I had a small chat with a marketer recently. She asked me: “What would you do with these new people that recently started to follow us (our business, news stream) as followers?

I said: “I think you should treat them in the same way in the virtual space as you would do in the physical space: Get to know them better! Try to figure out their needs and wants. Imagine you have a breakfast seminar and a guy showed up as a registered participant. What would you say to this guy? I would say: “Welcome! I’m so glad you could come. You’re journalist, right? (Listen to his answer) Interesting… What can I do for you? (Listen to his answer)… And so on. When you come to know him better, treat him as a friend. Serve him. Because I don’t think you look at your friends as “target groups” and I don’t think you’re trying to pitch them either?”

It makes me think of when I use to ask communicators who did visit their newsrooms. Guess what? They don’t know! They don’t even know how many they are. Think about that for awhile. If your newsroom was your breakfast seminar, you might would have a great breakfast, excellent speakers, informative whitepapers, etc – but you wouldn’t know who’s been there, and how many they were. You was not even there yourself!

But – as mentioned – pitching and target groups talk, is still hot topic in many discussions in different kind of PR groups in various of social networks. Within a couple of PR professional groups on LinkedIn, there are questions like:

“E-MAIL PITCHING: Given journalists’ overcrowded inboxes, does e-mail pitching work anymore? What are your secrets to achieving success with e-mail pitches?” and “Age-old PR dilemma … contact media by phone first or by email first….”

These discussions is all about how to pitch, not if you should pitch at all.

As an answer on the second question above; most of the members did say they use to pitch journalist by phone, or at least follow up their email pitches by phone. Only one of the answers came from a journalist, who said: “Email please…And don’t call to see if the writer got the email. If every pr person called to followup on every news release we would never have time to write a story!”

A couple of days after I’ve been following these discussions, I read an article (in swedish) by a journalist and friend of mine, who said:

“I have come to hate the phone. Not its functions, but it’s ringing and disturbing features.”

Jerry Silfwer, a PR consultant, but also a blogger, just wrote a post: “How not to pitch”. He says:

“Don’t be afraid to pitch me. Please do, I don’t mind. But make sure you email me as an individual and make sure that you’re not blasting me as a part of some obscure list somewhere.”
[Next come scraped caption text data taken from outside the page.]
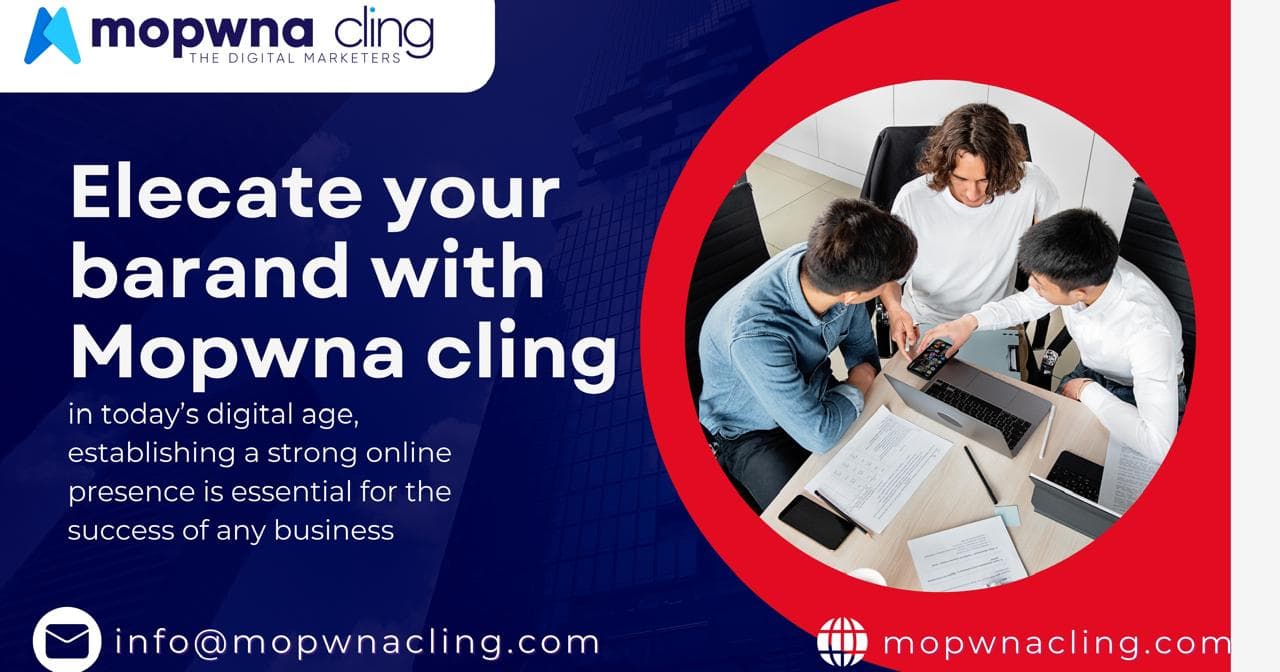 Elevate Your Brand with MOPWNA CLING: Your Trusted Partner in Social Media Marketing ๐๐ฑ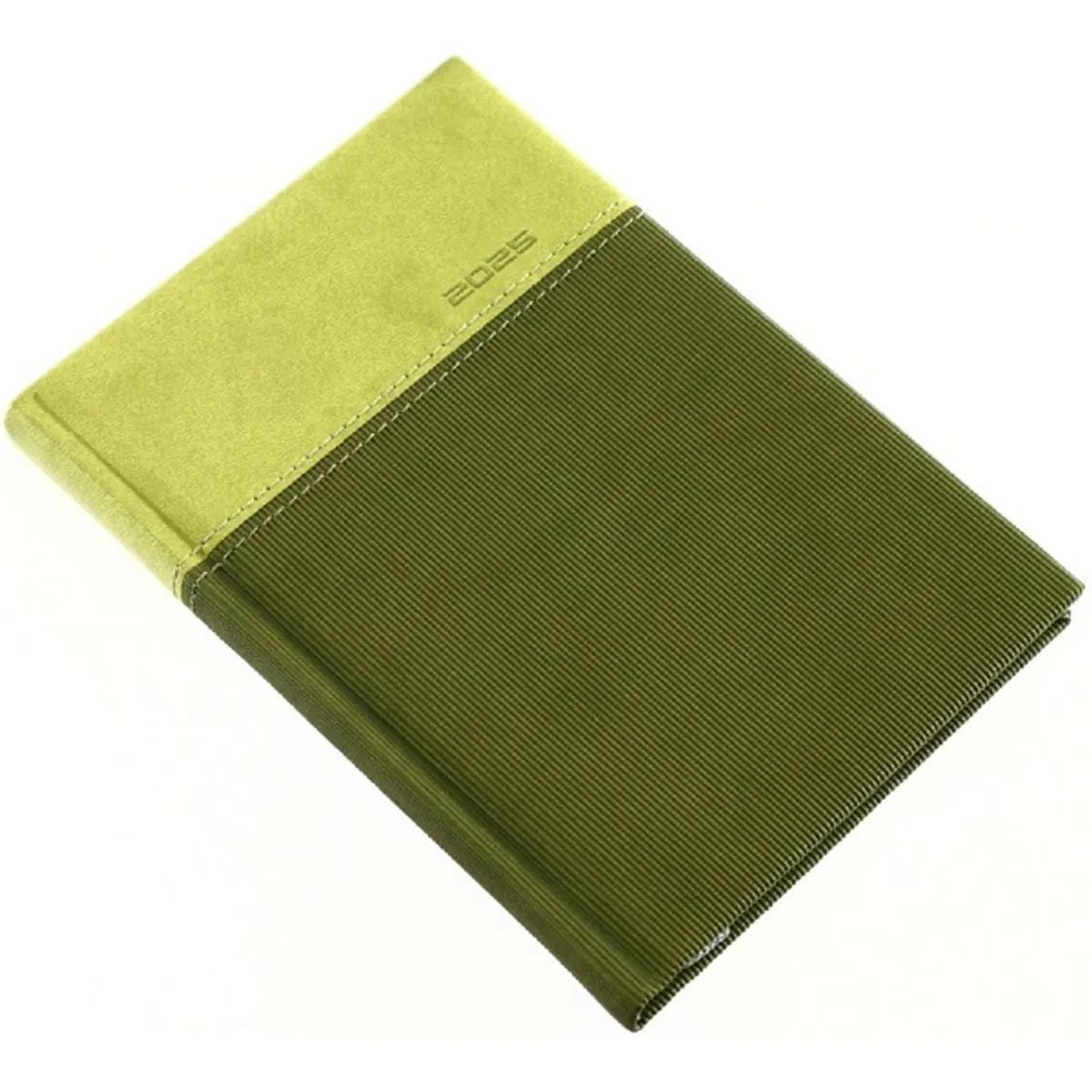 Realsystem 2026 LUX 5411-48 B6 heti beosztású zöld zsebnaptár #1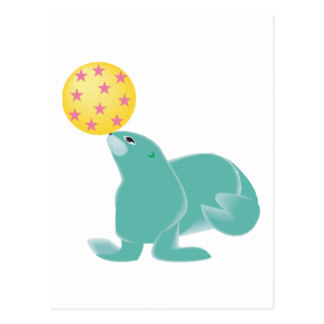 Sea Lion Cartoon Gifts on Zazzle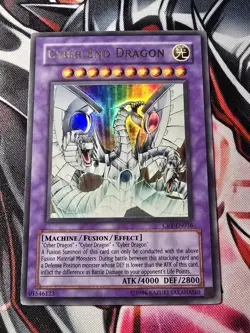 Yugioh! Cyber End Dragon CRV-EN036 Ultra Rare Unlimited - LP - Image 1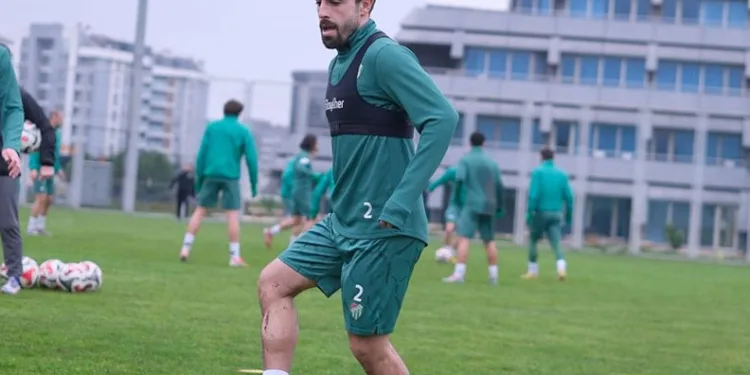 Bursaspor, Mardin maçı hazırlıklarına başladı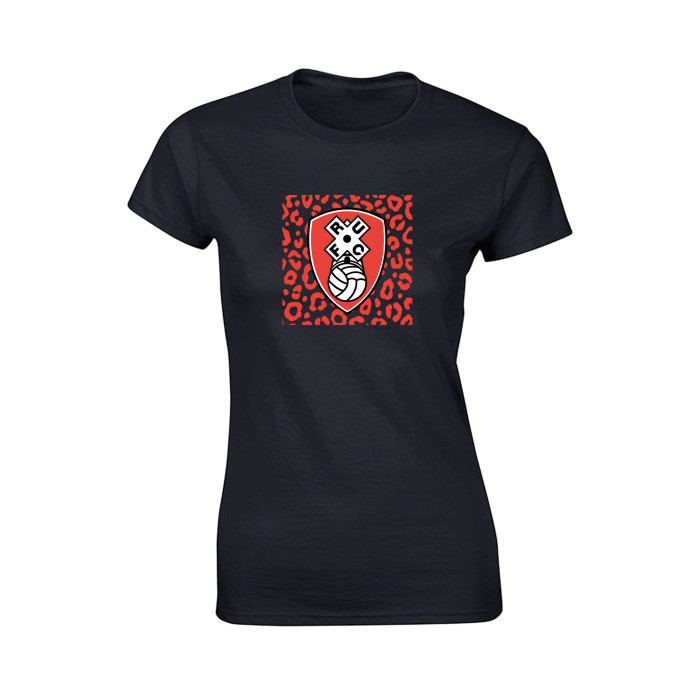 Core Black Womens Tee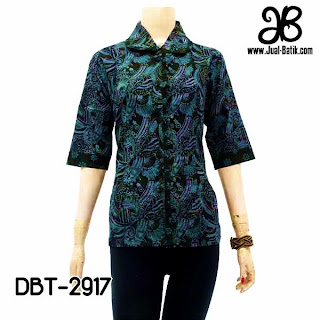 Model Batik Kerja DBT-2917
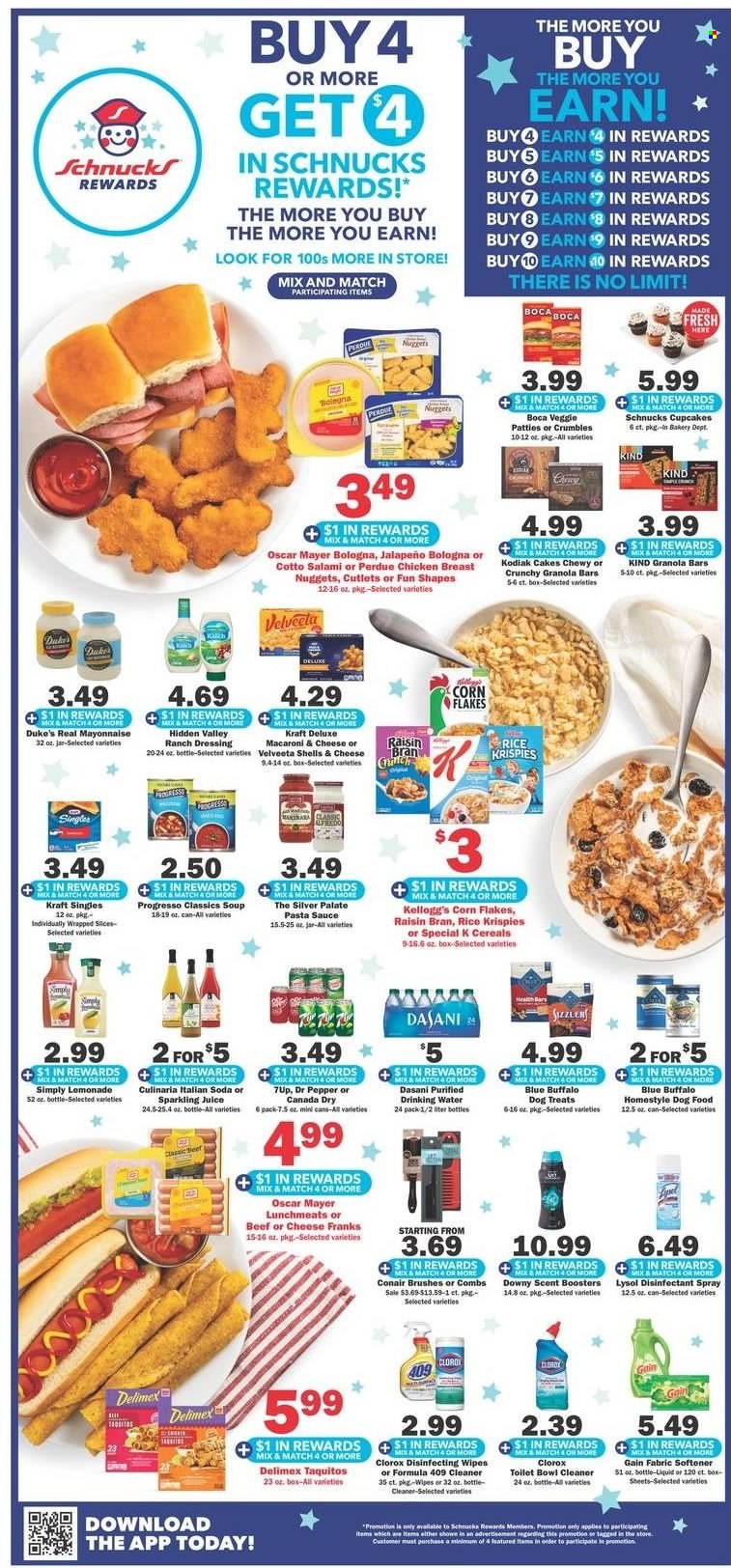 Schnucks ad - 10/12/2022 - 10/18/2022. Page 2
He gives us some examples what a pitcher forgot regarding av really bad pitch he got earlier:

  • What’s in it for me as a PR blogger? I need to be told that clearly.
  • Browsing your case studies is not a reward for anyone but your company.
  • Clarity. Why pitch me to participate (note: the pitch was regarding a survey) but not to blog about it?
  • How did you get hold of my address? In what email list am I in right now?
  • I have hundreds of other emails calling out for my attention. Why should I bother about this, when it isn’t even a personal email?
  • Don’t be so sure that 5-10 minutes is short for me and don’t thank me for participating before I’ve participated (note: the pitch said: “It only takes about 5-10 minutes to complete…”)

Honestly – I don’t think Jerry would like pitches as he says; I think he would like to be understood, treated with respect and served with great ideas for stories, but not as one of the target group. And from my point of view – that’s not a pitch.